羽布城は愛知県豊田市羽布町にあります。南約500mに大桑城があり両城の城主は別人のようですが、同じ川合姓ですので川合の集落を治める土豪の一族だったのではないでしょうか。今川、武田、徳川のせめぎあいの地にある境目の城でしたが、元亀・天正の頃、武田の三河侵攻の際に大桑城とともに落城したと伝えられています。
今回の資料は(1)「愛知県中世城館跡調査報告2」愛知県教育委員会1994と現地案内板です。
羽布城 図1 東西南北の街道の結節点で、街道Aの峠道を扼する位置にある
明治の旧地図には新道Bは記載されておらず、峠道Aは後世になって光照寺の和尚によって切通し道が開削されたとされます。往時は羽布城の東側の尾根を越す峠道しかなかったと思われます。
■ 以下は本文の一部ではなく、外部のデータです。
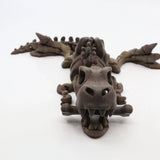 3D printed T-Rex sensory toy, brown articulated dinosaur with movable limbs on white background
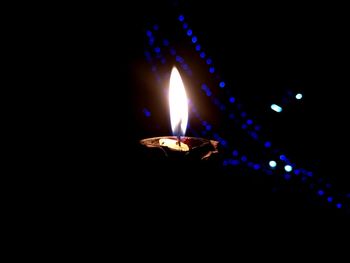 Close-up of lit candle in dark room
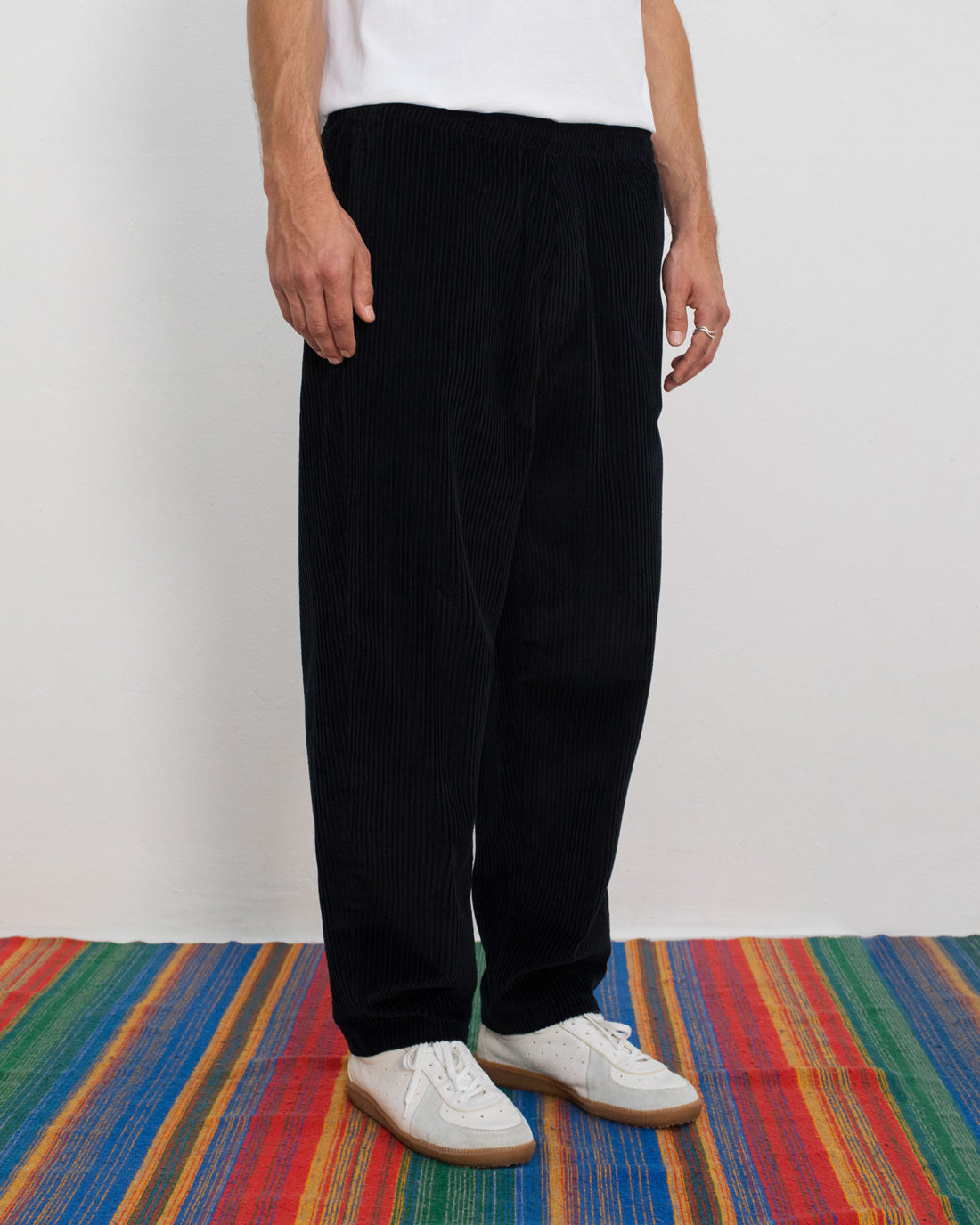 Black wide corduroy trousers made from 100% organic cotton by Rotholz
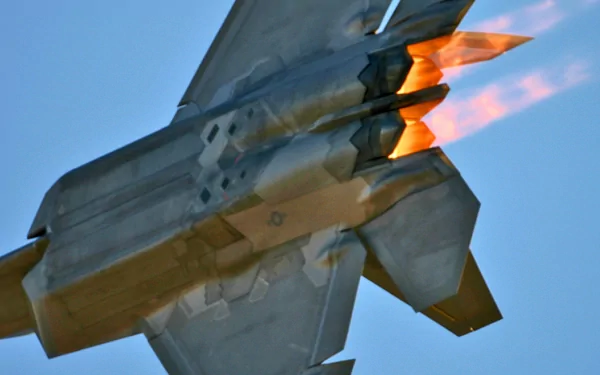 4K Ultra HD PC desktop wallpaper of a Lockheed Martin F-22 Raptor firing afterburners, close rear three-quarter view of the military fighter against a clear blue sky.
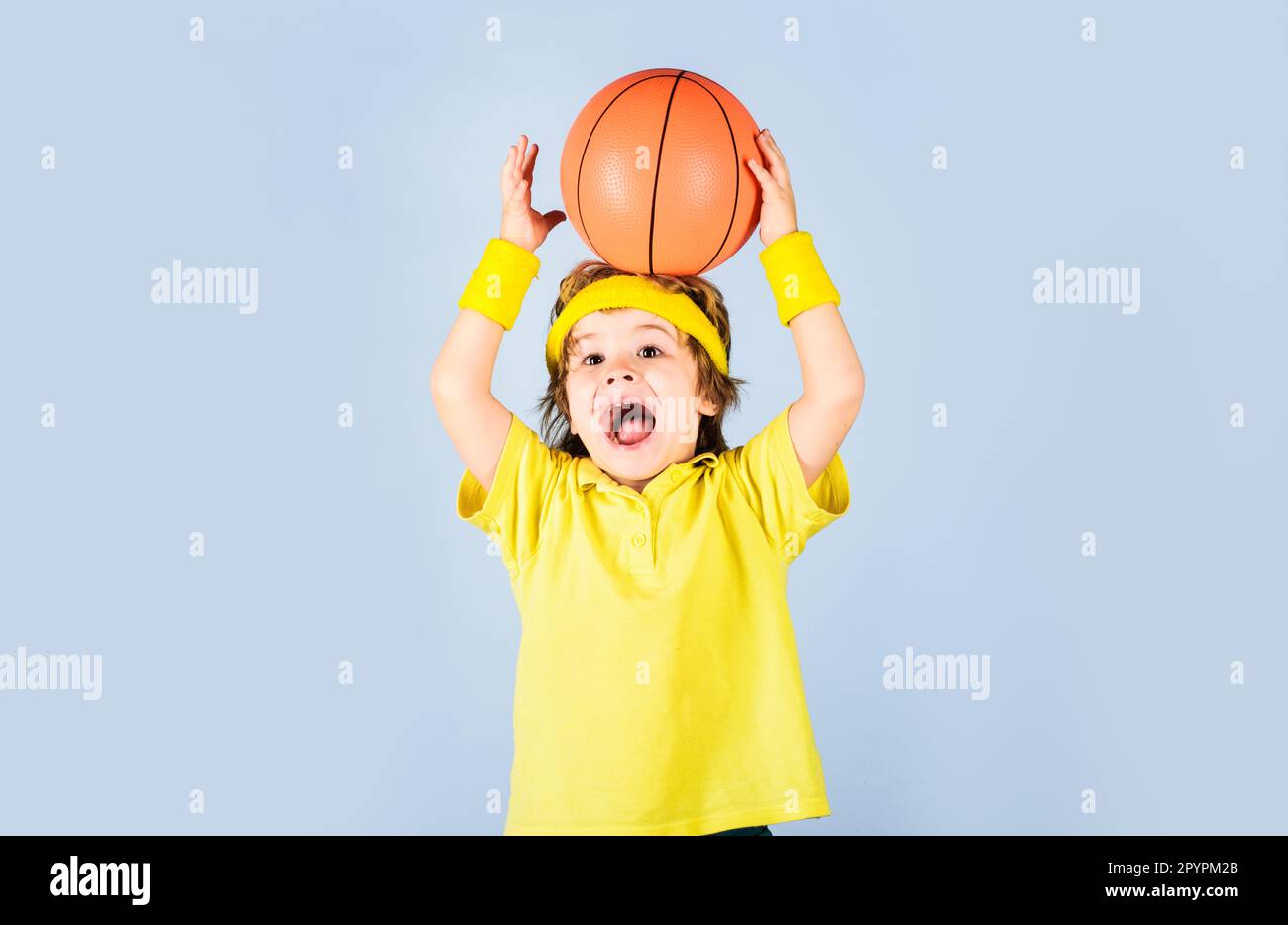 Little basketballer in sportswear throwing ball. Child boy in sport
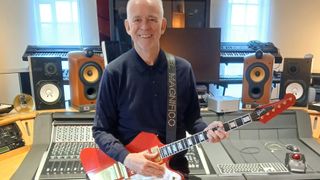 A photo of Phil Manzanera in his studio holding his Cardinal Red 1965 Gibson Firebird VII. Photographed in 2024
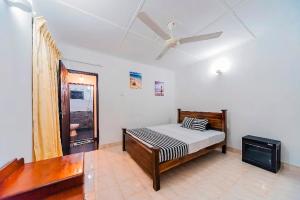 a bedroom with a bed and a ceiling fan at Cloud Inn Kandy Homestay - Near temple tooth in Kandy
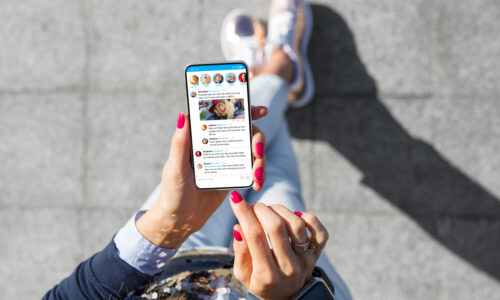Stock image of a woman looking at her social media feed on her phone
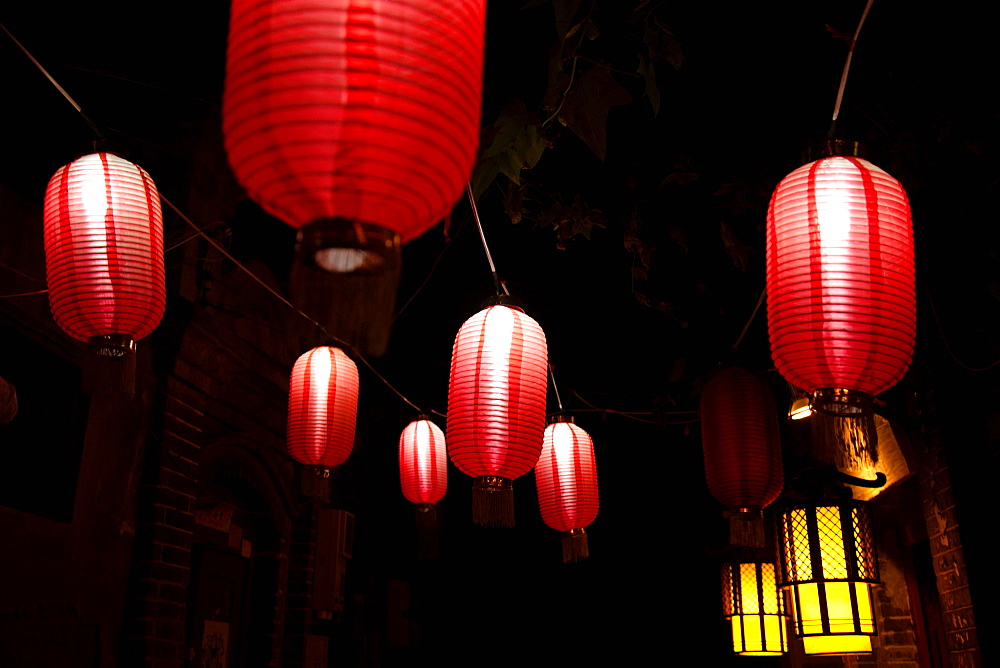 Paper lanterns on city street at night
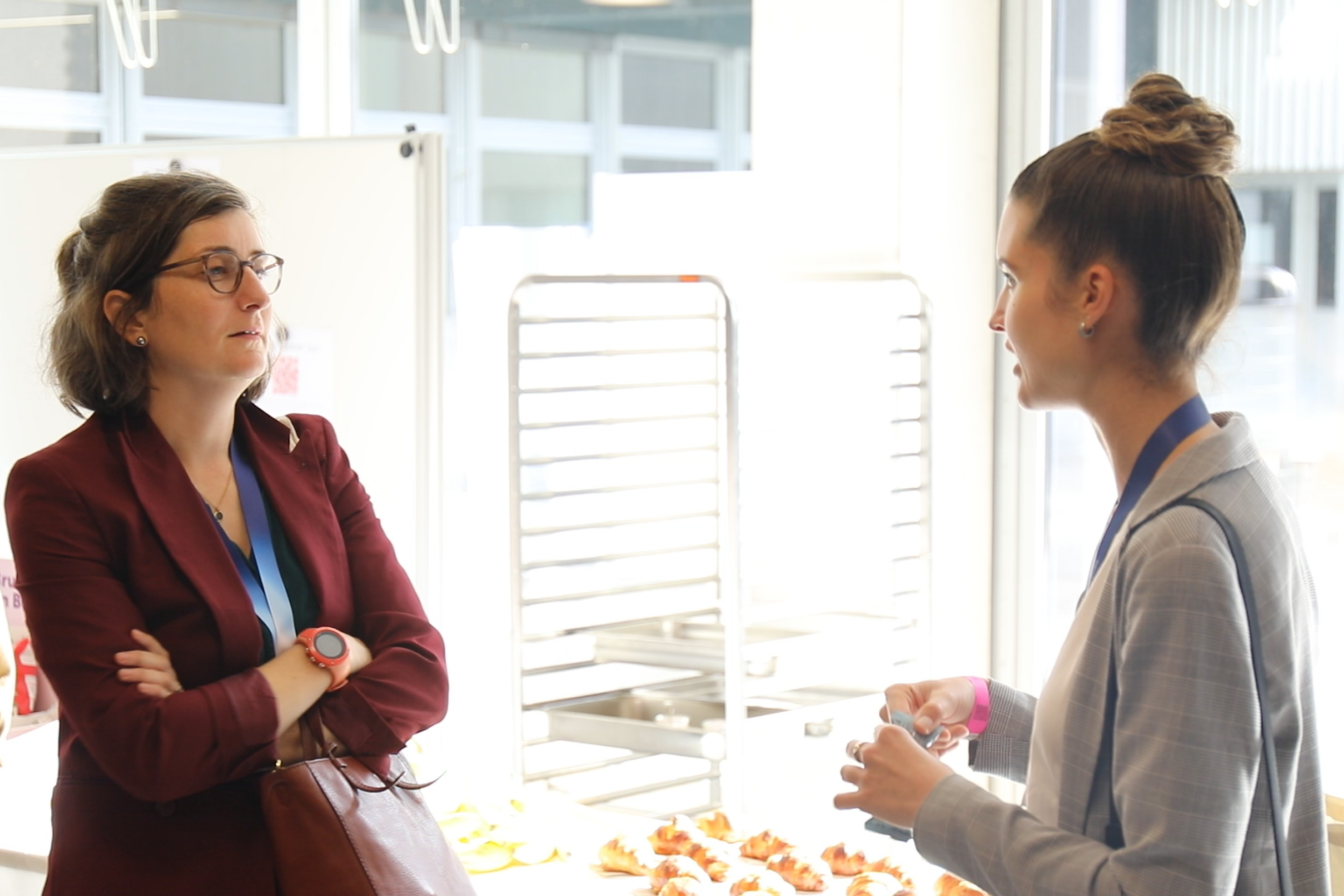 Emmanualle David in discussion with a attendee at #wetechtogether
西、南、北は川が要害となり、東の尾根筋を堀切と土塁で守っていたようです。
羽布城 図2 切通し道Aから林道を進む。案内看板が立つ
切通し道には、住民が難儀して通る危険な峠道を切通した和尚を顕彰するための観音様が祀られる小さな祠aがありました。現在の道は車の時代に完成したものと思われます。林道入口と林道からの登り口には案内表示が立てられていました。往時は城址東尾根のbと同じくらいの高さの尾根が東に伸びていたのではないかと想像しましたがどうでしょう。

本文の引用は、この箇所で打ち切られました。